Jueves de la II Semana de Cuaresma

Lc 16, 19-31

Hace algún tiempo se publicaba el nombre de las personas más ricas del mundo, y aparecía junto a sus nombres las cantidades fabulosas que ganaban diariamente.  A veces nos enteramos de lo que ganan los políticos y funcionarios públicos, y así poder hacer comparaciones con los sueldos de la mayoría de las personas.

Muchas personas se quedan como Lázaro, a la espera de las migajas que caen de la mesa, pero nadie se las da.  Los poderosos hasta con las migajas quieren hacer negocios.

El problema del hambre en el mundo no es por falta de alimento, es por la mala distribución.  No es que no haya lugar en la mesa de la vida para los pobres, es que se les niega el acceso a ese puesto.

Vivimos en medio de contrastes brutales, donde millones de personas no alcanzan a obtener ni siquiera un euro para pasar el día, mientras otros, ciertamente unos cuantos, derrochan sus ganancias.

La parábola es una fuerte crítica a esta inhumana distribución de los bienes, a los que todos los hermanos tenemos derecho, pero también es una crítica fuerte al corazón duro de quien ni siquiera se da cuenta de que su hermano está sufriendo a la puerta. 

Es dura la comparación, pero son más sensibles y humanos los perros que se acercan a lamerle las llagas, que sus hermanos de carne y de sangre rodeados de alimentos y placeres.

La parábola no pretende un adormilamiento o un premio de consolación para el pobre que está sufriendo.  Es el reclamo a todos nosotros porque hemos hecho de la casa de todos, el privilegio de unos cuantos; porque hemos roto la hermandad y vivimos en el egoísmo. 

No, después de muertos no podremos construir la hermandad, con fantasías y amenazas no se abre el corazón. 

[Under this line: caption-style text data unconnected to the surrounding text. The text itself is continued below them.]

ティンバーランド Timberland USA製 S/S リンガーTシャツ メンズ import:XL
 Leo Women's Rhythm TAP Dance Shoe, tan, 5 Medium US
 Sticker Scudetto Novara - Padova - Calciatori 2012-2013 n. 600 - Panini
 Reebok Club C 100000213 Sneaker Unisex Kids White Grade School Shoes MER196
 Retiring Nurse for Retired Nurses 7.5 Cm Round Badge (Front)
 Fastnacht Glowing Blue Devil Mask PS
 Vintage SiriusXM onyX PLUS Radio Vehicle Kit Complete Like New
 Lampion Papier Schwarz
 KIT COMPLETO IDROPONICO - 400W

Quizás las palabras de Jeremías en la primera lectura nos den la pauta para entender estas palabras: “Maldito el hombre que confía en el hombre y aparta del Señor su corazón, será como un cardo en la estepa”

Que esta parábola nos haga reflexionar y nos abra los ojos para descubrir cada uno de nosotros al hermano que sufre y para luchar por unas estructuras más justas y solidarias.